例え、別居をしていたとしても、婚姻中であることに変わりはありませんので、婚姻費用の分担義務はあります。このため別居中の生活費を請求することができます
離婚後の面接交渉権
離婚が成立した後、親権者(または監護権)を持っていない方の親が、自分の子供に会う権利のことを面接交渉といいます
未成年の子がいる場合は、離婚後の面接交渉も決めておくようにしましょう。子との面接交渉権を放棄する合意は無効になります。 面接交渉とは、子供が、同居していない親に会う権利です。
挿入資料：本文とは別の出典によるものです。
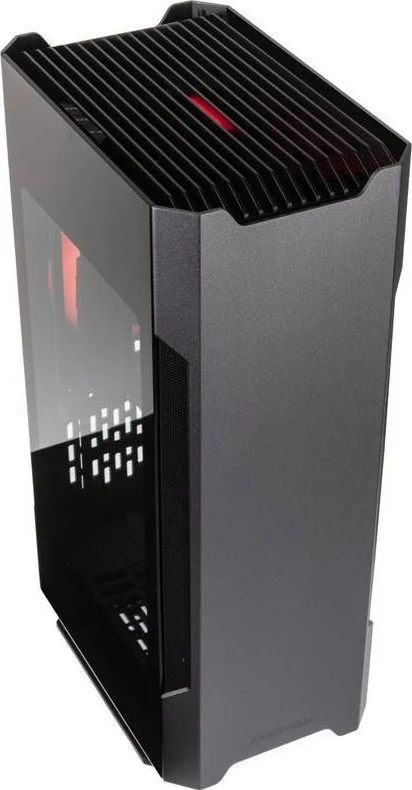 کیس مینی ITX مدل Phanteks Evolv Shift 2، پنل های جانبی شیشه حرارت دیده، پنل های آلومینیومی، D-RGB - خاکستری آنتراسیت | PH-ES217E_AG02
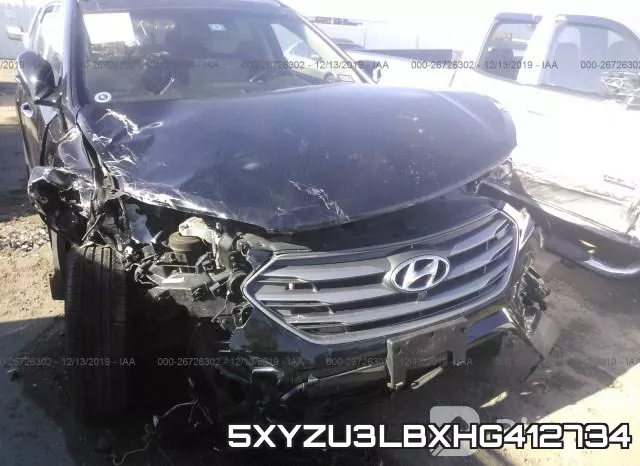 5XYZU3LBXHG412734 фото 6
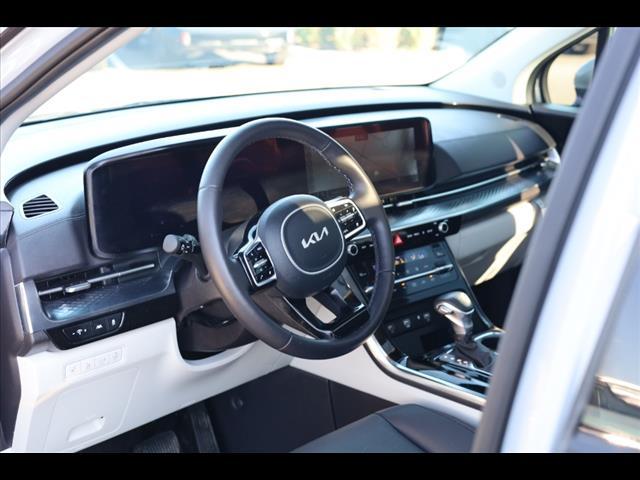 2024 kia carnival sx prestige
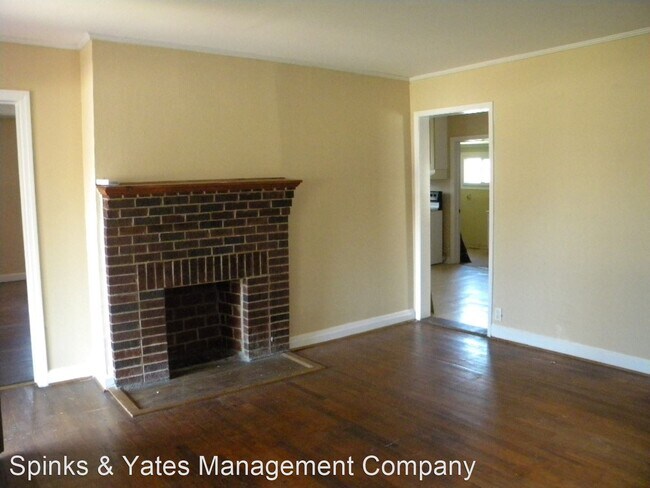 Foto del edificio - 2 br, 1 bath House - 805 Murphy Ave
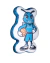 ALMOFADA MASCOTE HUGO - comprar online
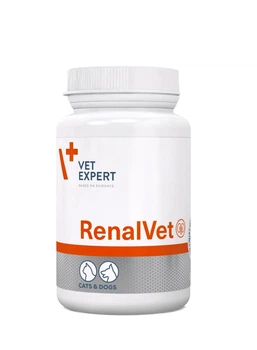 Вітаміни та мінерали Vet Expert RenalVet 60 капс (46275)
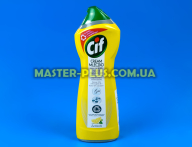 Чистящее средство Cif Cream Lemon 0,78л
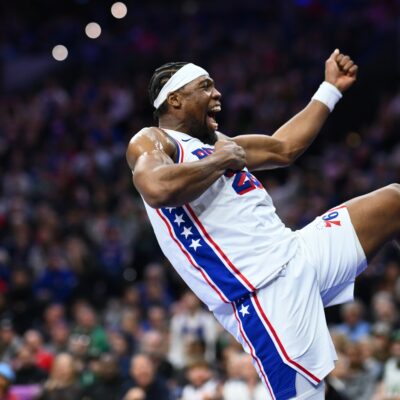 Guerschon Yabusele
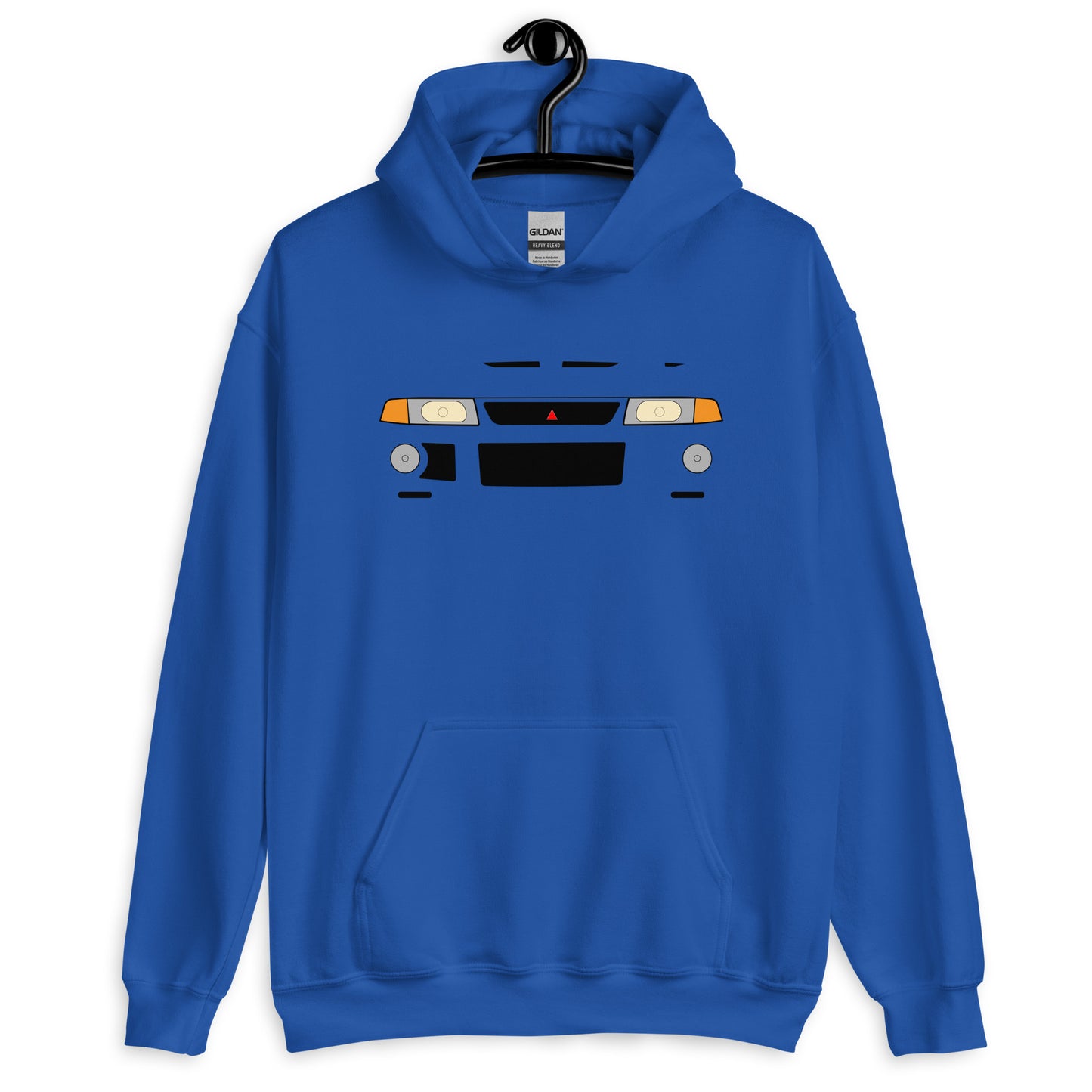 Mitsubishi Lancer Evolution VI Hoodie - Gtmotive NFT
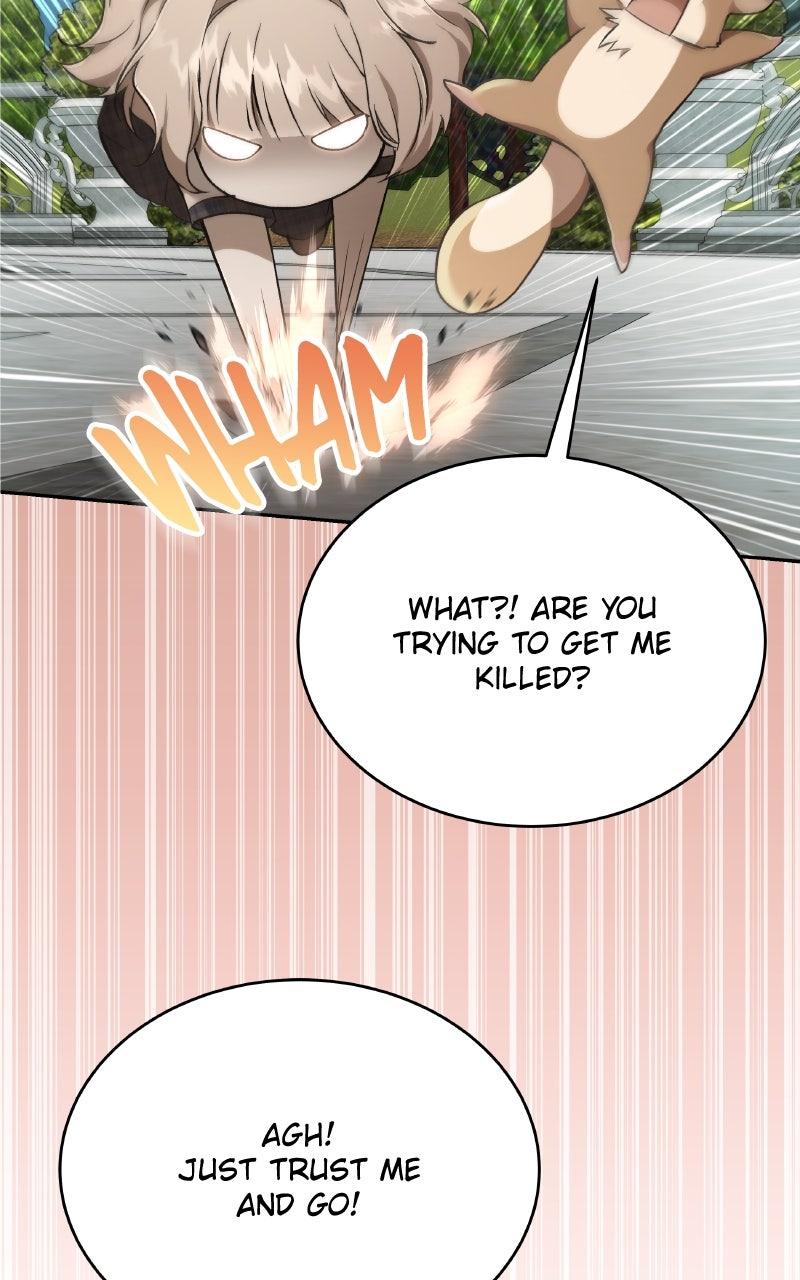 Kindergarten for Divine Beasts Chapter 39 - Page 140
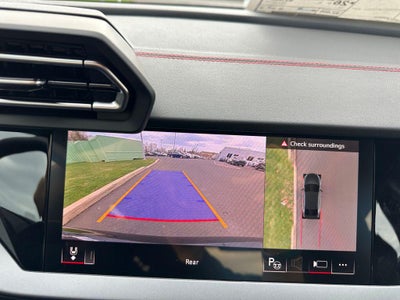 2026 Audi S3 Premium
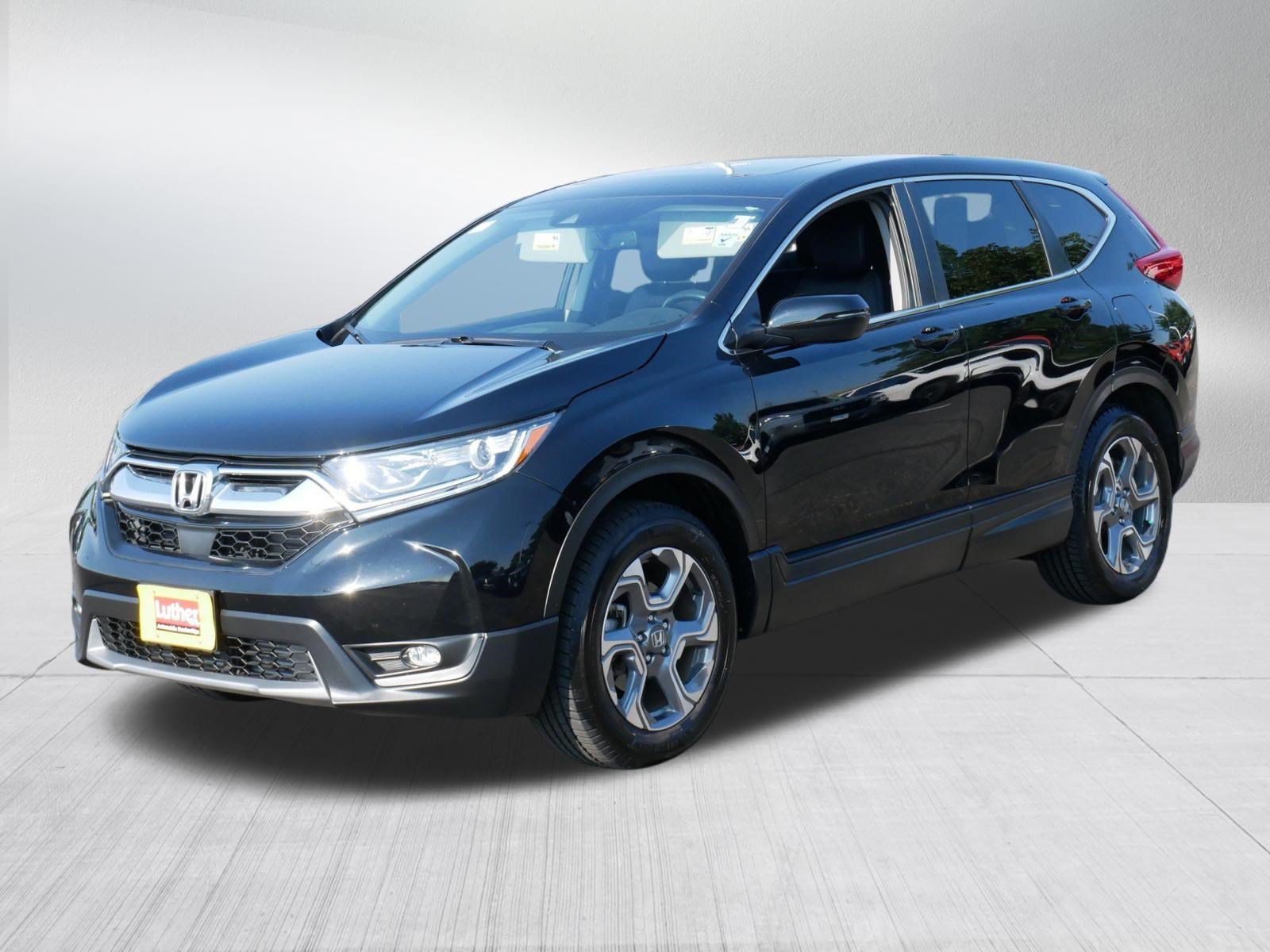 Used 2017 Honda CR-V EX-L image 3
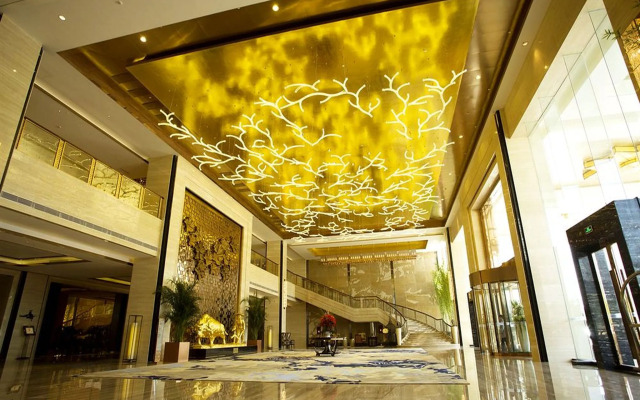 Howard Johnson Changsheng Plaza Meizhou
親同士の気持ちばかりではなく、子供の立場で考える必要があります。 会うことで子どもに悪影響があるような場合には、権利はあっても面接交渉権が制限されます。 子供は、両親に愛される権利があるのですから、幼稚園、学校などの予定や体のことに配慮しながら無理のないように決める必要があります。
- 月に何回会うことができるか
- 月に何日会えることにするか
- 一回に会う時間は何時間に定めるか
- 宿泊は良いことにするか(また何日までなら良いか)
- 電話や手紙のやりとりは良いとするか
なお,子供に会わせてくれなくても養育費用の支払義務はあります
面接交渉の拒否
親権者または監護者にならなかった方の親に、子どもを会わせないようにすることはできません。ただし親が子供の成長に悪影響を与える場合には、面接交渉を認めない場合や、面接交渉権が認められていても、子供に対して悪影響を与える場合には、裁判所が面接交渉の内容を一時制限したり、取り消しを行うことがあります。
子供に会わせてくれない場合は?
離婚の際、面接交渉での取り決めでも決定したにもかかわらず、相手が子供に会わせてくれない。という場合は、家庭裁判所へ子供の監護に関する処分として面接交渉の調停の申立てをすることができます。 調停が不成立になった場合は、手続きは移行して審判になります。